Geçtiğimiz Eylül ayında TMMOB Yönetim Kurulu Üyesi Mücella Yapıcı ve Hakan Altınay serbest bırakıldı. Ancak, Şehir Plancıları Odası İstanbul Şubesi eski başkanı Tayfun Kahraman ve Mimarlar Odası’nın Hukuk Müşaviri Can Atalay’ın da aralarında bulunduğu arkadaşlarımızın 18’er yıllık hapis cezaları, Yargıtay 3. Ceza Dairesi tarafından onandı.
Biliyoruz ki bu karar, sadece arkadaşlarımıza yönelik değildir.
Bu karar, 2013 Mayıs-Haziran aylarında ülkesinin bugününe ve yarınlarına sahip çıkan milyonlara yöneliktir; milyonlarca insanın demokratik hak kullanımlarını cezalandırmaya, barışçıl ve demokratik istemleri bastırmaya yöneliktir.
Gezi Direnişi, doğal alanlarımız, parklarımız, meydanlarımız betona boğulmasın; kıyılarımız, ormanlarımız, meralarımız ranta kurban edilmesin diye; sağlıklı ve güvenli yaşam alanlarında hep birlikte, barış içinde yaşayabilelim diye milyonlarca yurttaşın haykırdığı toplumsal bir olaydır.
Gezi bu ülkenin umudu, güzelliği ve içinde taşıdığı tüm renkleridir.
Bu hukuksuzluğun 700. gününde bir kere daha söylüyoruz;
Gezi Direnişinden hala ilk günkü gibi gurur duyuyoruz!
Gezi bizim demokrasi çığlığımızdır.
Gezi eşitliktir.
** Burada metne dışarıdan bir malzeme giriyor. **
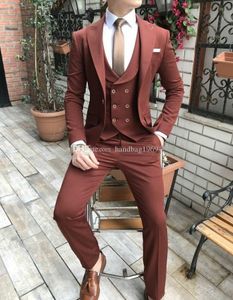 Populaire One Button Groom Tuxedos Peak Revroom Groomsmen Mens Past Bruiloft / Prom / Diner Blazer (Jack + Pants + Vest + Tie) K276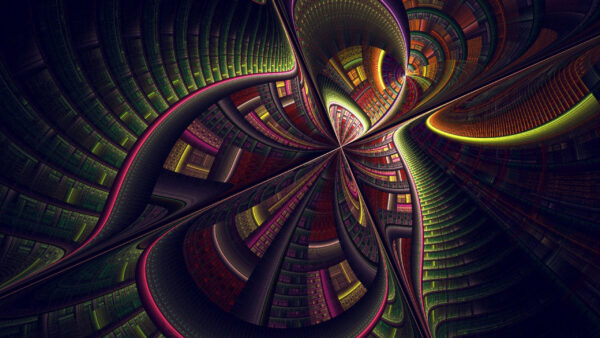 Wallpaper Lines, Fractal, Abstract, Abstraction, Shapes, Colorful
Gezi emeğimiz, alın terimiz, gururumuz, kardeşlik ve dayanışma demektir.
Gezi bir arada yaşamanın mümkün olduğunun en güçlü ifadesidir.
Gezi laikliktir.
Gezi, genç yaşlı, işçi, emekçi, işsiz, öğrenci, kadın, erkek demeden; birbirini emeğinden tanıyanların, ezilenlerin en güçlü haykırışlarıdır.
İşte bu yüzden ilk günden itibaren Gezi, iktidarın hedefindedir.
Bizler, Gezi’ye baktığımızda; bilim ve tekniğin ışığında, tüm canlıların yaşam hakkına saygılı, eşit, onurlu, barış içerisinde yaşayacağımız, adil bir ülke umudunun ne kadar da diri olduğunu görüyoruz.
TMMOB ve bağlı odaların en temel amaçlarından biri, bilimi ve tekniği halkın yararına kullanarak kamusal alanları savunmaktır. Siyasi iktidarın cezalandırmak istediği bu toplumcu çizgi ve onurlu mücadele geleneğidir.
Bu kapsamda, milyonlarca yurttaşın, toplumun ortak değeri olan Gezi Parkı betonlaşmasın diye, İstanbul kentinin merkezindeki en önemli deprem toplanma alanı yapılaşmaya açılmasın diye yürüttüğü mücadelenin sözcüsü olmak suç değildir.
Arkadaşlarımız, Gezi’ye katılan milyonların sözcüsü olmuşlardır.
Gezi Davası’nda tutuklanan arkadaşlarımız bizim yüz akımız ve onurlu tarihimizin bir parçasıdır.
Adalet Nöbetlerimizi arkadaşlarımız özgürlüklerine kavuşana dek sürdüreceğiz. Bu kararlı adalet mücadelemizi, tüm dost kurum ve kuruluşları, tüm yol arkadaşlarımızla birlikte devam ettireceğiz.
Arkadaşlarımızın derhal salıverilmesini istiyoruz. Gezi davasında tutuklanan tüm arkadaşlarımıza özgürlük istiyoruz.